Using fslex I would like to return multiple tokens for one pattern but I don't see a way how to accomplish that. Even to use another rule function that returns multiple tokens would work for me.
I am trying to use something like this:
let identifier = [ 'a'-'z' 'A'-'Z' ]+
// ...
rule tokenize = parse
// ...
| '.' identifier '(' { let value = lexeme lexbuf
match operations.TryFind(value) with
// TODO: here is the problem:
// I would like to return like [DOT; op; LPAREN]
| Some op -> op
| None -> ID(value) }
| identifier { ID (lexeme lexbuf) }
// ...
The problem I am trying to solve here is to match for predefined tokens (see: operations
map) only if the identifier
is between .
and (
. Otherwise the match should be returned as an ID
.
I am fairly new to fslex so I am happy for any pointers in the right direction.

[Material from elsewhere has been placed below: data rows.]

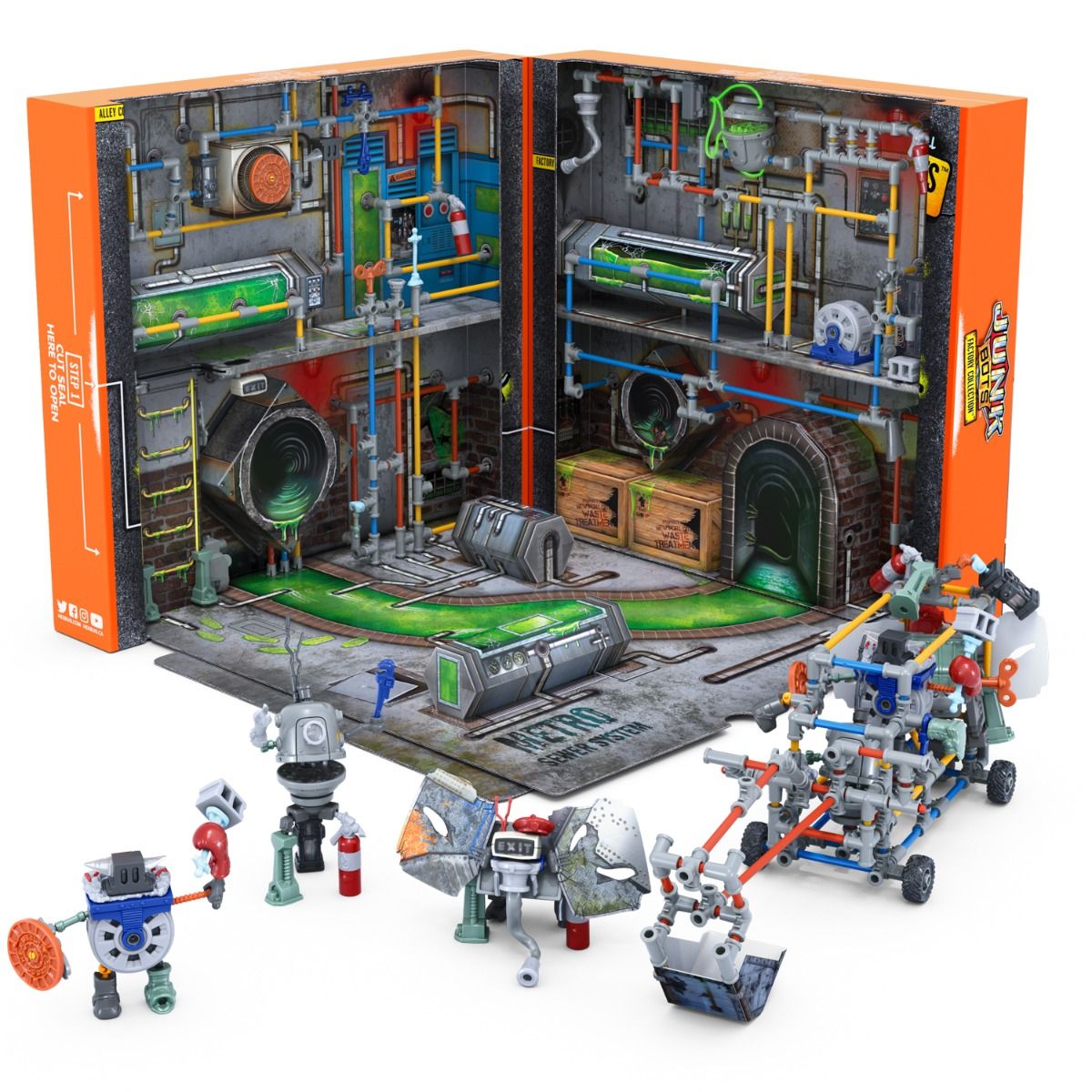 JunkBots in a detailed, multi-level factory sewer habitat playset for HexBug 430-7799, front view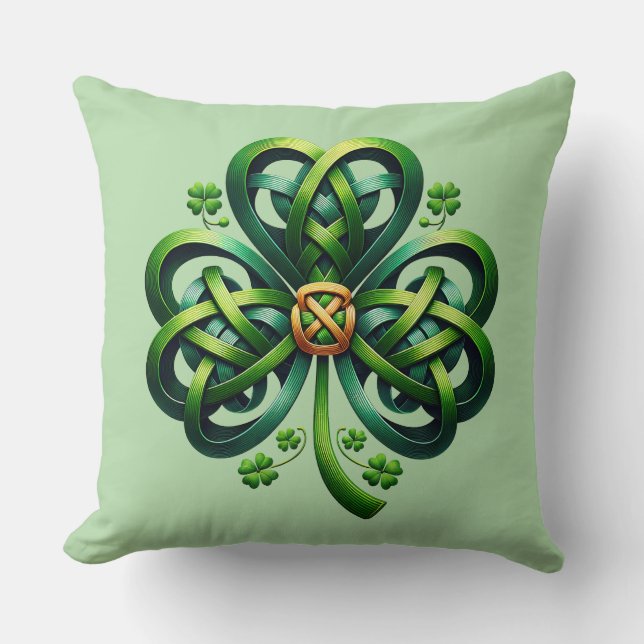 Kussen met St. Patrick's klaver motief (Voorkant)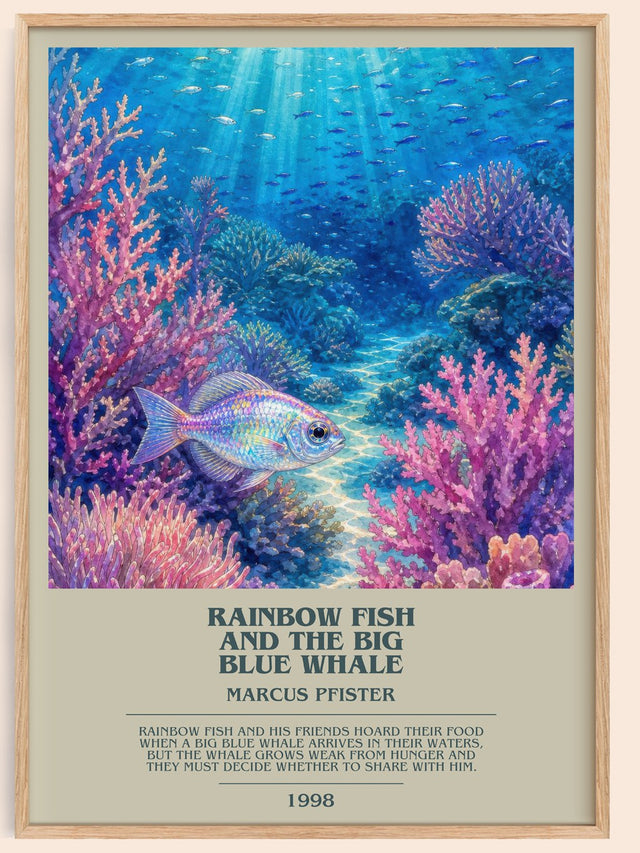 Rainbow Fish And The Big Blue Whale Bookish Wall Art by Marcus Pfister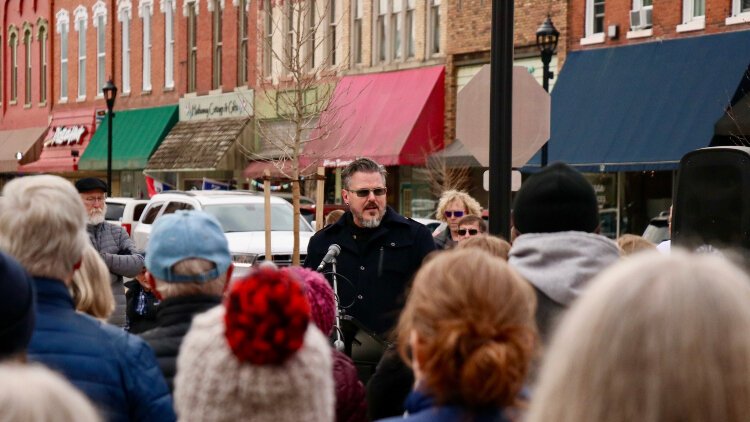 "A vibrant downtown is crucial for the prosperity of our community,” Allegan Mayor Roger Bird says. The city celebrated the completion of its downtown streetscape project on Small Business Saturday, Nov. 25.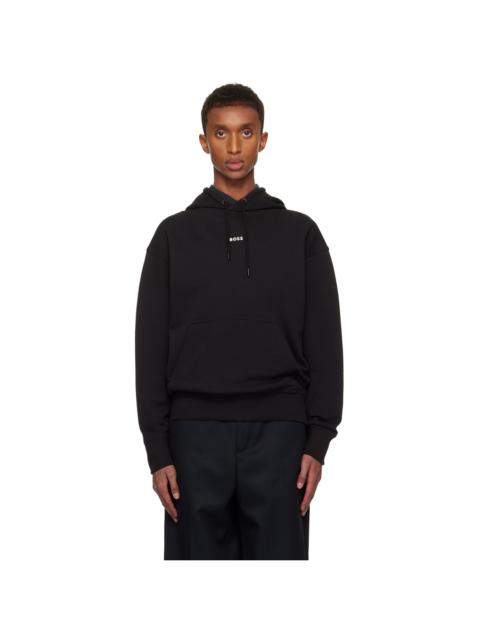 BOSS Black Cotton-Terry Contrast Logo Hoodie
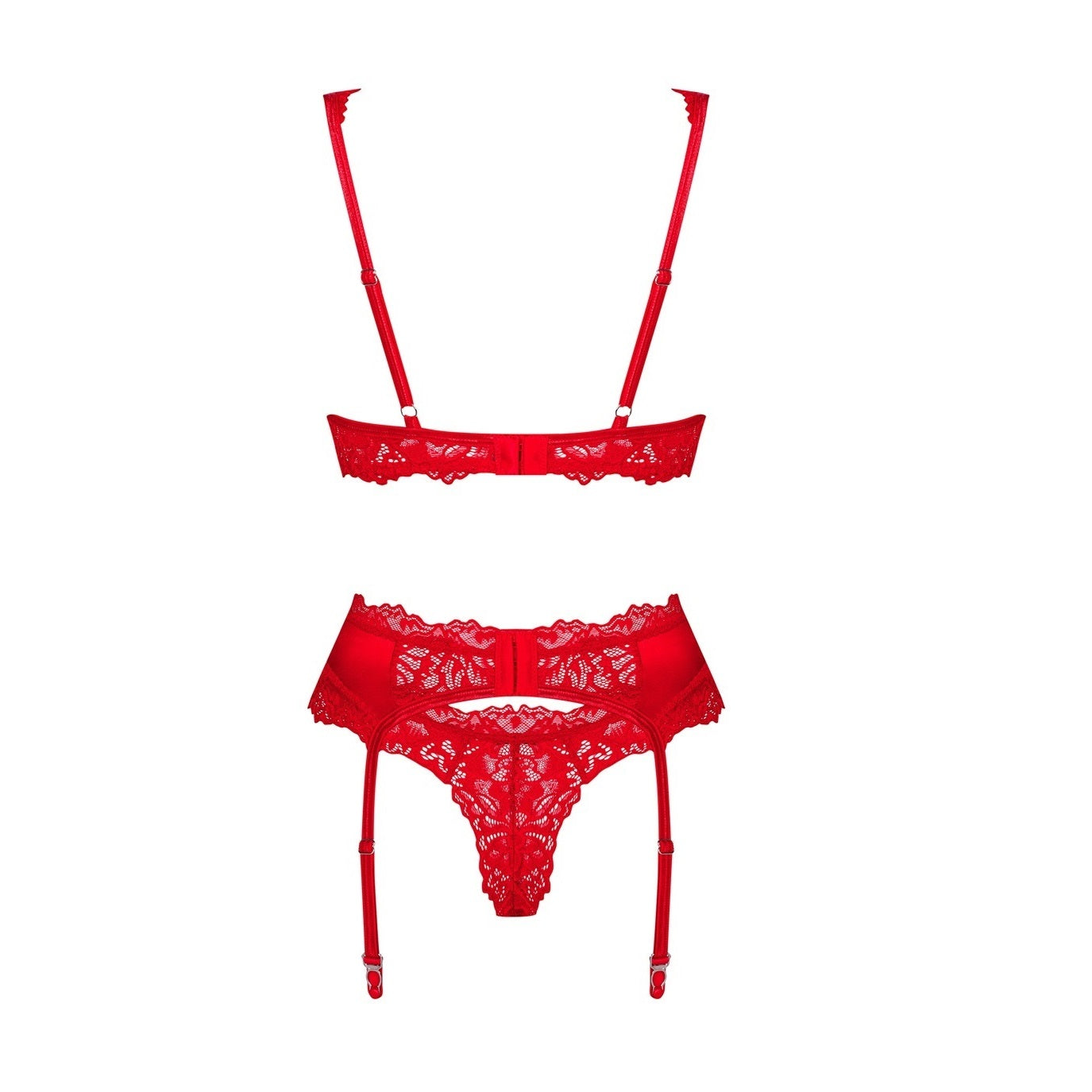 Obsessive Amor Cherris Bra Thong and Garter belt set RED - image 4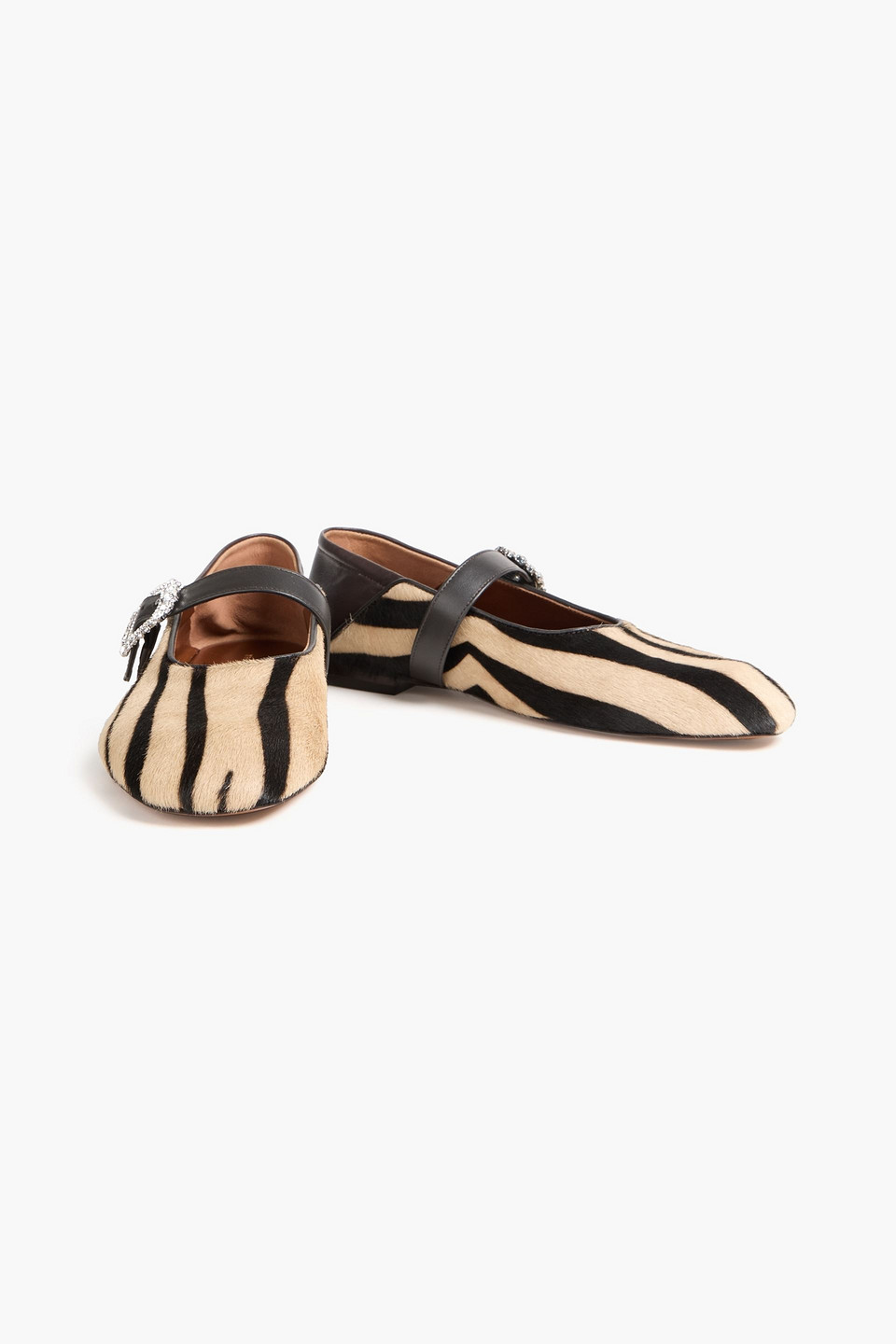  Wales Bonner - Mary-jane-ballerinas Aus Kalbshaar Mit Zebraprint Und Einklappbarer Fersenpartie - Neutral - Eu 36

(This is a separate answer)
For this specific case, this might solve your issue better:
...
rule tokenize = parse
...
| '.' { DOT }
| '(' { LPAREN }
| identifier { ID (lexeme lexbuf) }
...
And the usage:
let parse'' text =
let lexbuf = LexBuffer<char>.FromString text
let rec tokenize =
let stack = ref []
fun lexbuf ->
if List.isEmpty !stack then
stack := [Lexer.tokenize lexbuf]
let (token :: stack') = !stack // can never get match failure,
// else the while wouldn't have exited
stack := stack'
// this match fixes the ID to an OP, if necessary
// multiple matches (and not a unified large one),
// else EOF may cause issues - this is quite important
match token with
| DOT ->
match tokenize lexbuf with
| ID id ->
match tokenize lexbuf with
| LPAREN ->
let op = findOp id
stack := op :: LPAREN :: !stack
| t -> stack := ID id :: t :: !stack
| t -> stack := t :: !stack
| _ -> ()
token
Parser.start tokenize lexbuf
This will fix the ID's to be operations, if they are surrounded by DOT and LPAREN, and only then.
P.S.: I have 3 separate matches, because a unified match would require either using Lazy<_>
values (which will make it even less readable), or will fail on a sequence of [DOT; EOF]
, because it'd expect an additional third token.